**Caption-style text data**
☆ ☆ ☆ ☆

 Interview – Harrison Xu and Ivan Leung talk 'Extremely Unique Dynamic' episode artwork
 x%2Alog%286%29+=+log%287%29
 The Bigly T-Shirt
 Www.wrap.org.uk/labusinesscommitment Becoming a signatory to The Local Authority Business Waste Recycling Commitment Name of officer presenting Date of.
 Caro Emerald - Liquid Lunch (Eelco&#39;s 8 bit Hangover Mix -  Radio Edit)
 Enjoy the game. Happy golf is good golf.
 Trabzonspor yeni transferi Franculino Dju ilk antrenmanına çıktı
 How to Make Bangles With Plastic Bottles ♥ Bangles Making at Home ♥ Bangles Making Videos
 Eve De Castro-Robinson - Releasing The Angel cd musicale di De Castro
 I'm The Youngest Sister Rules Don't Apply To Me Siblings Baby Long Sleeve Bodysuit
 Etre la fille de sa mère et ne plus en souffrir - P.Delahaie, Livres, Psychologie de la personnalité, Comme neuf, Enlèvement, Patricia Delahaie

☆ ☆ ☆ ☆

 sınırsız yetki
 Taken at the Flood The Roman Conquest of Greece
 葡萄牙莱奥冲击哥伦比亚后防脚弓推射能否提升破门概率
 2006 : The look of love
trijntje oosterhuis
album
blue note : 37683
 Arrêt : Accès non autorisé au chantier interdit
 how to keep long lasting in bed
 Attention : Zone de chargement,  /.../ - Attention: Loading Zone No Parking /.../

☆ ☆ ☆ ☆

**EXERCISE AIM**
Look back at the entries above. Retype the line with "Trabzonspor yeni transferi", the line with "Etre la fille", and all lines in between.

**REPLY**
 Trabzonspor yeni transferi Franculino Dju ilk antrenmanına çıktı
 How to Make Bangles With Plastic Bottles ♥ Bangles Making at Home ♥ Bangles Making Videos
 Eve De Castro-Robinson - Releasing The Angel cd musicale di De Castro
 I'm The Youngest Sister Rules Don't Apply To Me Siblings Baby Long Sleeve Bodysuit
 Etre la fille de sa mère et ne plus en souffrir - P.Delahaie, Livres, Psychologie de la personnalité, Comme neuf, Enlèvement, Patricia Delahaie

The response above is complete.